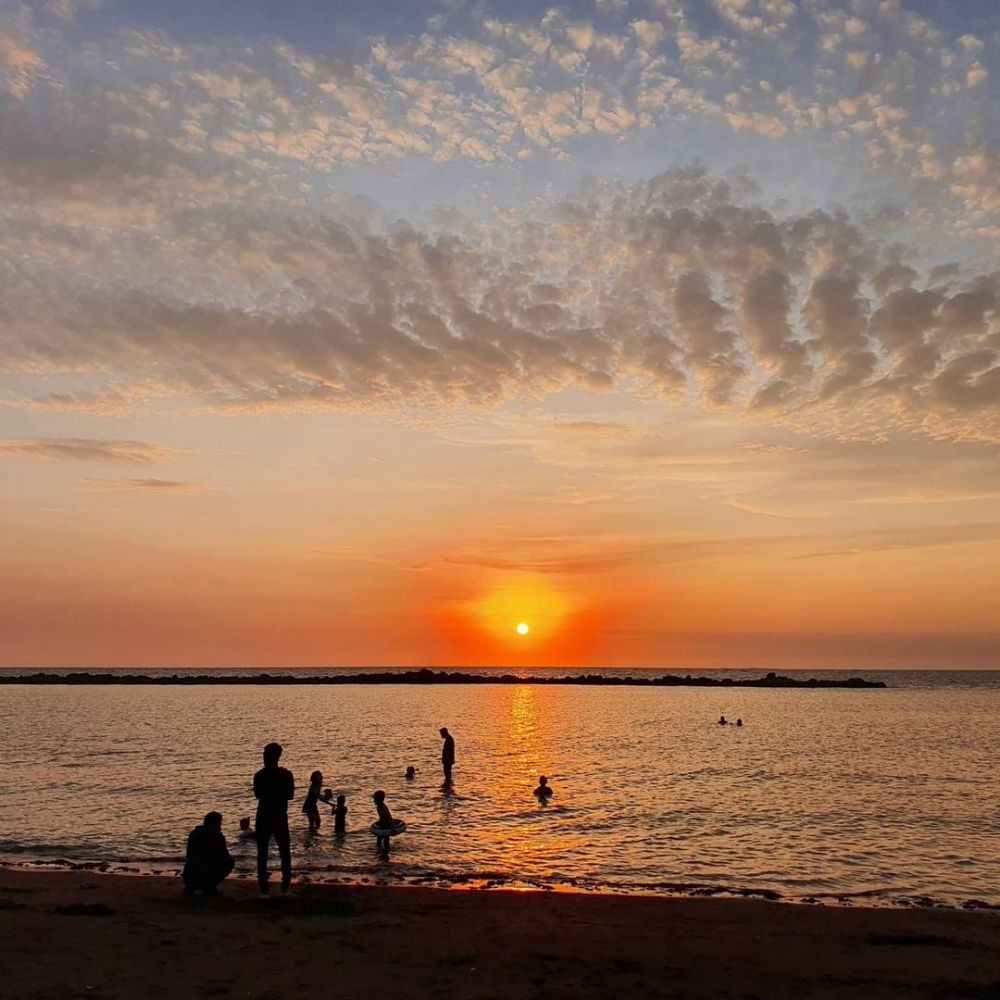Wisata Pantai Akkarena, Spot Sunset Romantis di Kota Makassar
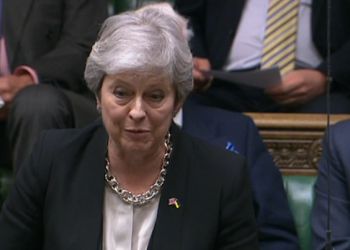 İngiltere'nin eski başbakanı May, Ruanda'ya göçmen gönderilmesi kararını eleştirdi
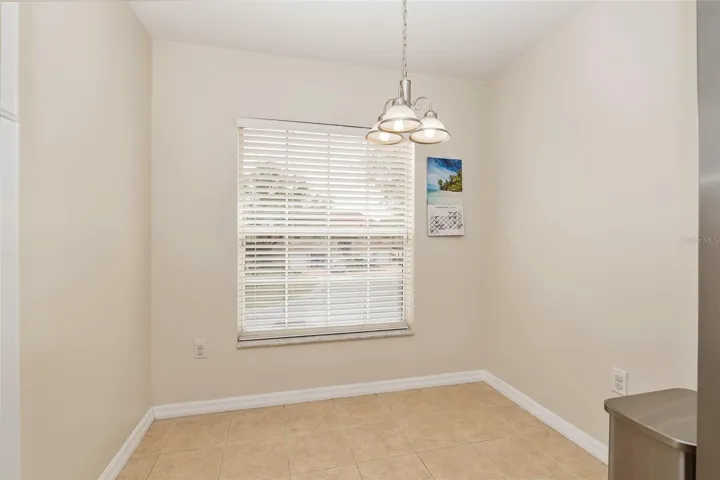 dinning room in kitchen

§ **TASK BRIEF**
Could you copy the listing above exactly, without its pictures?

§ **WORKED SOLUTION**
Wisata Pantai Akkarena, Spot Sunset Romantis di Kota Makassar
 İngiltere'nin eski başbakanı May, Ruanda'ya göçmen gönderilmesi kararını eleştirdi
 dinning room in kitchen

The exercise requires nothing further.